Most people treat “GPS” as a fact of nature. It quietly powers modern life: vehicle navigation, smartphones, parcel logistics, surveying, outdoor sports, precision agriculture, and much more. In practice, what we depend on is not just GPS, but GNSS—Global Navigation Satellite Systems—an umbrella that includes GPS (U.S.), Galileo (EU), GLONASS (Russia), and BeiDou (China).

Like the early internet, GPS was built for military use. Once opened to civilian applications—and once accuracy restrictions were removed—satellite navigation became a default dependency across economies and security systems.

The idea behind satellite navigation is conceptually simple: satellites broadcast their position and a precise timestamp via coded radio signals; receivers compute their own position from signal travel time. The original GPS architecture placed satellites across six orbital planes at an altitude of roughly 20,200 km. Today, GPS maintains more than the minimum required constellation for global coverage, but the underlying physics hasn’t changed: the signals arrive at Earth extremely weak.

For decades, we treated GNSS as reliable infrastructure—not as a contested system. War in Europe and broader electronic warfare realities force a more uncomfortable question:

Should modern military and security planners continue treating GNSS as a reliable primary dependency for navigation and timing—or shift toward alternative, multi-layered systems designed to operate without it?

This essay is not about nostalgia or theory. It is about what needs to change in strategy and technology to stay effective when satellite navigation is degraded by design.

Why This Decision Exists Now

GNSS is usually invisible—until it fails. Natural events such as solar activity can degrade signals, briefly reminding people that a satellite-and-ground network is doing real work. Recent conflicts reveal a deeper and more persistent problem: GNSS disruption is no longer exceptional. In many regions it is routine.

Ukraine made this unavoidably clear. Jamming is cheap, widely available, and tactically useful. Interference maps and incident reports also show sustained disruption in parts of Eastern Europe and the Black Sea region. The basic mechanism is straightforward: a jammer transmits powerful radio noise on or near GNSS frequencies, overwhelming the weak satellite signals and preventing receivers from extracting usable data. More advanced approaches include spoofing—feeding a receiver plausible-looking signals that produce the wrong position or time.

Civilian and military systems are also deeply entangled. GNSS supports not only weapons and drones, but logistics, aviation, shipping, telecom networks, and supply chains that militaries depend on. The question is no longer whether GNSS can be disrupted. It is whether continuing to treat it as a reliable default is strategically justified.

The Assumptions Behind GNSS Dependence

One common assumption is that GNSS may degrade but remains “usable enough,” and that resilience can be achieved mainly through tactics and hardening rather than strategic redesign. Another assumption is that denial will not be sustained everywhere, all the time.

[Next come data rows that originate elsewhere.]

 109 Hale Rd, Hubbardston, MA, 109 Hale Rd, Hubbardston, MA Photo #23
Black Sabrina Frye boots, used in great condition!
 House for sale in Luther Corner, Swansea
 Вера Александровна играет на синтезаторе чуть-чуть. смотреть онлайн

There is some truth here—but it misses a key point: even non-adversarial systems can unintentionally threaten availability. The 5G rollout in the United States in early 2022 illustrated how concerns about adjacent-band interference and high-power transmissions can become a real operational issue for sensitive receivers. Regardless of the specifics, the broader lesson is uncomfortable: GNSS fragility is not only a wartime problem. It is a systems problem.

The Core Vulnerability (GNSS as a Single Point of Failure)

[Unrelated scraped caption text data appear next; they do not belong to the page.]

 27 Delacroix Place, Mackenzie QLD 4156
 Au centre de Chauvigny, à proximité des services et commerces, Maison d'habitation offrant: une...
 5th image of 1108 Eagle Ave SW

GNSS signals were never designed for today’s breadth of dependence. The satellites are far away and the signals are extraordinarily weak by the time they reach Earth. Even if next-generation satellites increase signal power—or future systems move to lower orbits—the fundamental issue remains.

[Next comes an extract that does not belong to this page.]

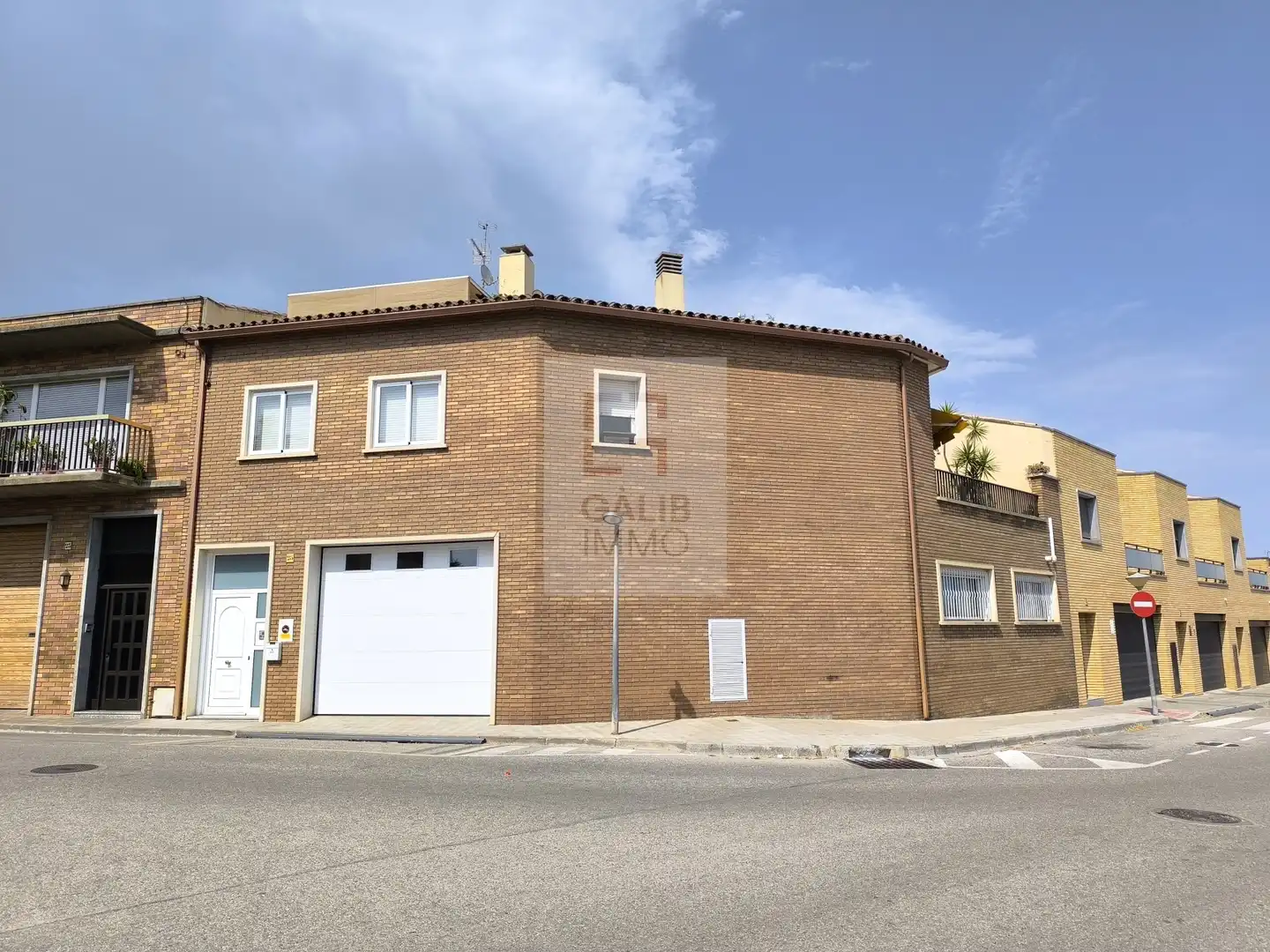 Vista exterior de Casa adosada en venda en Vilafant amb Aire condicionat, Calefacció i Terrassa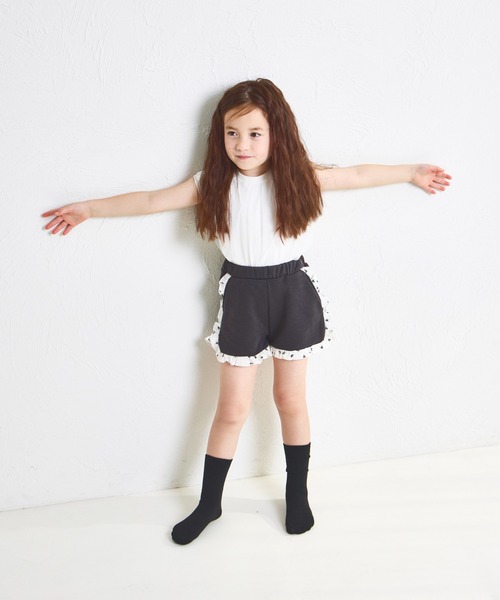 pairmanon(ペアマノン)の「【軽やかスウェット】選べる6カラー フリルショートパンツ(スウェットパンツ・キッズ・ブラック系その他/ピンク/ブラック/ベージュ/パープル/グリーン系その他・120/130/150/140/90/110/100)」の7枚目の写真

GNSS is not just a sensor. It is a systemic coupling: a shared dependency that ties together navigation, timing, coordination, and infrastructure across civilian and military domains. Hardening can reduce disruption. It cannot remove the dependency risk—which is the real strategic threat.

If GNSS vanished for 72 hours, one of the first visible failures would be civilian navigation. Phone and car navigation would degrade or fail, affecting mobility and daily operations. That ripples quickly into shipping and delivery, from industrial logistics to consumer goods. Many drivers no longer carry maps or routinely navigate without turn-by-turn guidance.

Maritime and aviation sectors typically retain stronger procedural resilience through charts, procedures, and redundant instruments—but degraded navigation would still impact routing, efficiency, and safety margins. Militaries would feel the effects through logistics and coordination: the lifeline that keeps forces supplied and synchronized.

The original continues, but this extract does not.